◆ **WORK REQUEST**
Only the text of the entries below should be returned, exactly as given, without pictures.

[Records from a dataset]

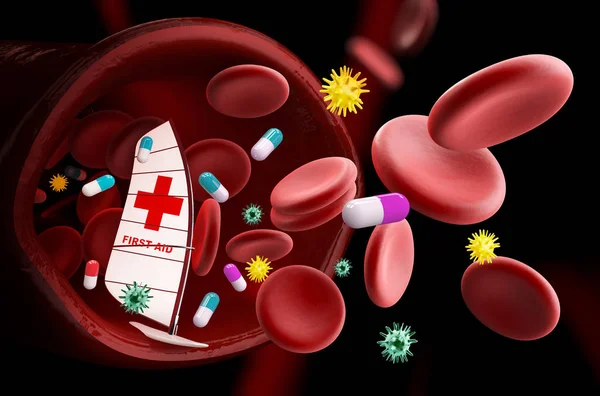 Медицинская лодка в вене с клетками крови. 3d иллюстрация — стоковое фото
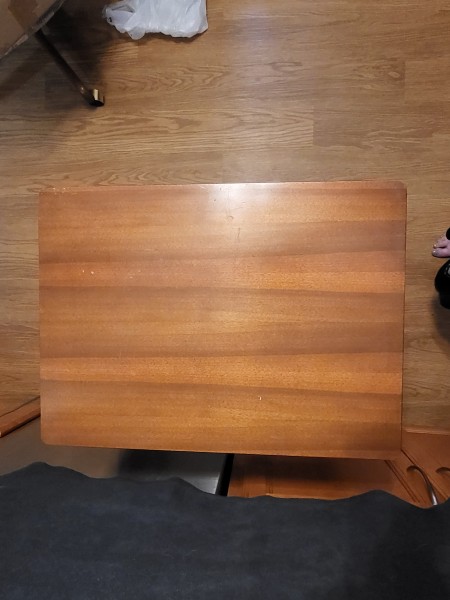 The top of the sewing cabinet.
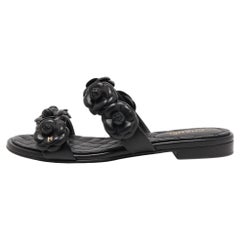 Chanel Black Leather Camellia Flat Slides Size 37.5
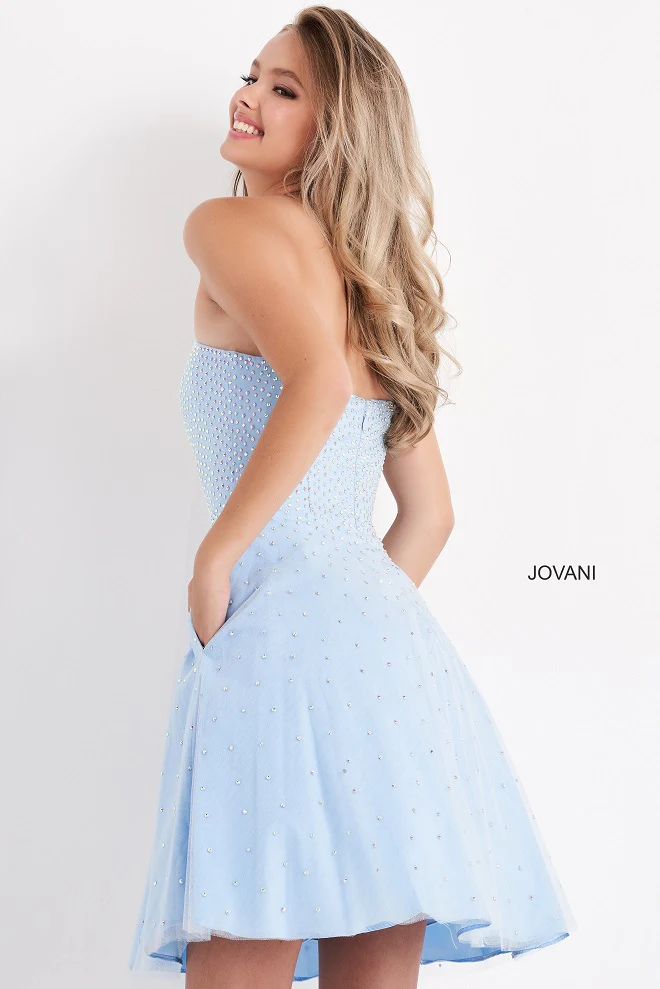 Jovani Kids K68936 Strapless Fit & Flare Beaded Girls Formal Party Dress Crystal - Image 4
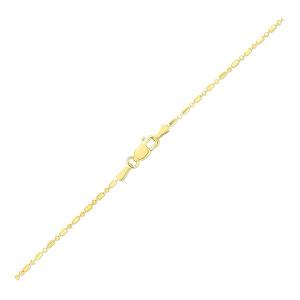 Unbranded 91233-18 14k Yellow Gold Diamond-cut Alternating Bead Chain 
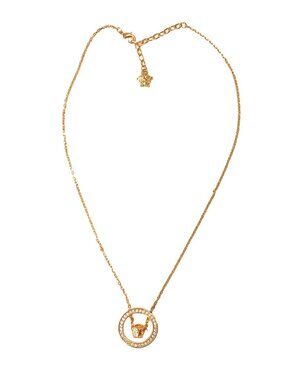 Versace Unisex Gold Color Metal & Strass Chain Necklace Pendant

◆ **YOUR RESPONSE**
 Медицинская лодка в вене с клетками крови. 3d иллюстрация — стоковое фото
 The top of the sewing cabinet.
 Chanel Black Leather Camellia Flat Slides Size 37.5
 Jovani Kids K68936 Strapless Fit & Flare Beaded Girls Formal Party Dress Crystal - Image 4
 Unbranded 91233-18 14k Yellow Gold Diamond-cut Alternating Bead Chain 
 Versace Unisex Gold Color Metal & Strass Chain Necklace Pendant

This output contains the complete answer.